Keempat, selamat dari bahaya. Orang yang jujur walaupun pertama-tama ia merasa berat akan tetapi pada akhirnya ia akan selamat dari berbagai bahaya. Rasulullah SAW telah bersabda, ”Berperangailah selalu dengan kejujuran! Jika engkau melihatnya jujur itu mencelakakan maka pada hakikatnya ia merupakan keselamatan.” (HR Ibnu Abi Ad-Dunya dari riwayat Manshur bin Mu’tamir).
Kelima, dijamin masuk surga, sebagaimana sabda Rasulullah Muhammad SAW, ”Berikanlah kepadaku enam perkara niscaya aku akan jamin engkau masuk surga: jujurlah jika engkau bicara, tepatilah jika engkau berjanji, tunaikanlah jika engkau diberi amanat, jagalah kemaluanmu, tundukkan pandanganmu, dan jagalah tanganmu.” (HR Ahmad dari riwayat ‘Ubadah bin Ash-Shamit).
Keenam, dicintai oleh Allah dan Rasul-Nya.
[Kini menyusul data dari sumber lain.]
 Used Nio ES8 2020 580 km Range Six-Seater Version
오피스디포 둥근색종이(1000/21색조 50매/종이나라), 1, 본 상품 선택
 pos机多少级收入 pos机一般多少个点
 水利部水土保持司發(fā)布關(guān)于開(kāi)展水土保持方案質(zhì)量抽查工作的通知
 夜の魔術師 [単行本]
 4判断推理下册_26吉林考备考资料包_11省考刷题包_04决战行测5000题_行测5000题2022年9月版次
Rasulullah SAW bersabda, ”Jika engkau ingin dicintai oleh Allah dan Rasul-Nya, maka tunaikanlah jika engkau diberi amanah, jujurlah jika engkau bicara, dan berbuat baiklah terhadap orang sekelilingmu.” (HR Ath-Thabrani).
Demikianlah, jujur penting sekali, terutama di masa ketika segala aspek kehidupan dipenuhi kepalsuan dan dusta. Di manapun berada, kejujuran harus di atas segalanya. Jujur adalah simbol profesionalisme kerja dan inti dari kebaikan hati nurani seseorang.
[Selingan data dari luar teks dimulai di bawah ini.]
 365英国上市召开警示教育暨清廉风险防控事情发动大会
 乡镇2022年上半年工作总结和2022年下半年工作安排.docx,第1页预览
Sebagaimana yang dikisahkan oleh Imam Bukhari ketika ia pergi mencari hadits dari seseorang, namun ia melihat kuda orang tersebut terlepas. Untuk menangkapnya kembali, orang tersebut menunjukkan bungkusan kain seolah-olah di dalamnya terdapat gandum, dan kudanya tersebut pun datang kepadanya, sehingga ia pun bisa menangkapnya kembali. Al-Bukhari berkata kepada orang tersebut, “Apakah engkau mempunyai gandum?” orang tersebut menjawab, “Tidak, aku mengelabui kudaku seolah-olah gandum dibungkus dengan kain tadi.” Al-Bukhari berkata, “kalau begitu, aku tidak akan mencari hadits dari orang yang bohong terhadap hewan.”
                Sikap yang diperlihatkan Imam Bukhari di atas adalah salah satu contoh agung tentang kejujuran.
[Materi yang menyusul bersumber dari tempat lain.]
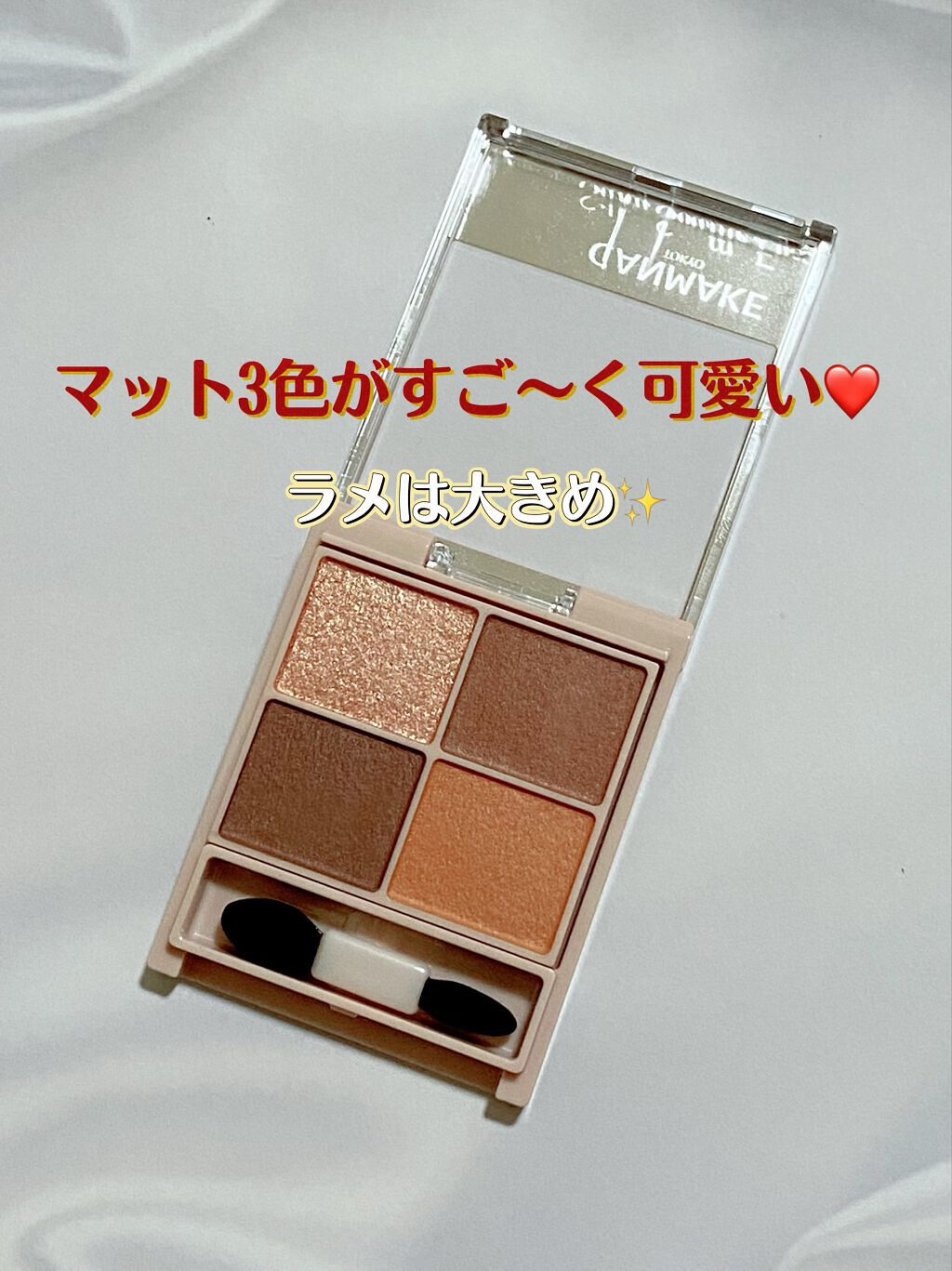 シルキースフレアイズ(マットタイプ)/キャンメイク/アイシャドウパレットを使ったクチコミ(2枚目)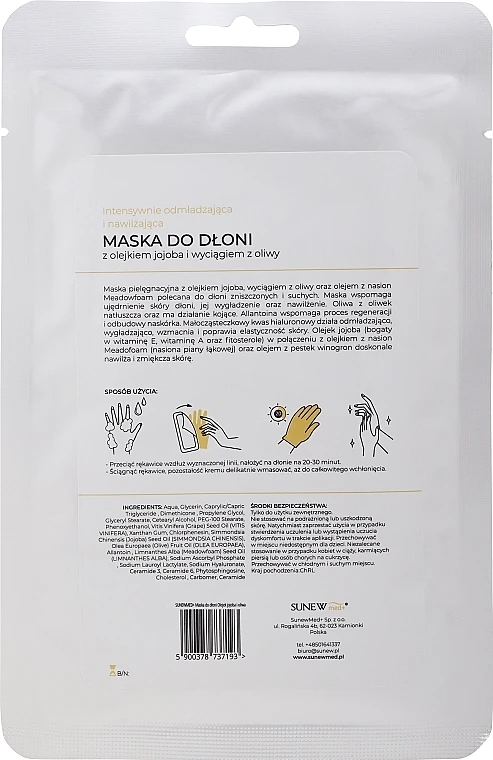 Pflegende Handmaske Mit Olivenöl – Bild 2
1.    F.       Beberapa Contoh Ketidakjujuran Dalam Dunia Pendidikan
Perilaku tidak jujur dalam konteks pendidikan antara lain:
Plagiarisme (plagiarism). Sebuah tindakan mengadopsi atau mereproduksi ide, atau kata-kata, dan pernyataan orang lain tanpa menyebutkan nara sumbernya.
Plagiarisme karya sendiri (self plagiarism). Menyerahkan/mengumpulkan tugas yang sama lebih dari satu kali untuk mata pelajaran yang berbeda tanpa ijin atau tanpa memberitahu guru yang bersangkutan.
Manipulasi (fabrication). Pemalsuan data, informasi atau kutipan-kutipan dalam tugas-tugas akademis apapun.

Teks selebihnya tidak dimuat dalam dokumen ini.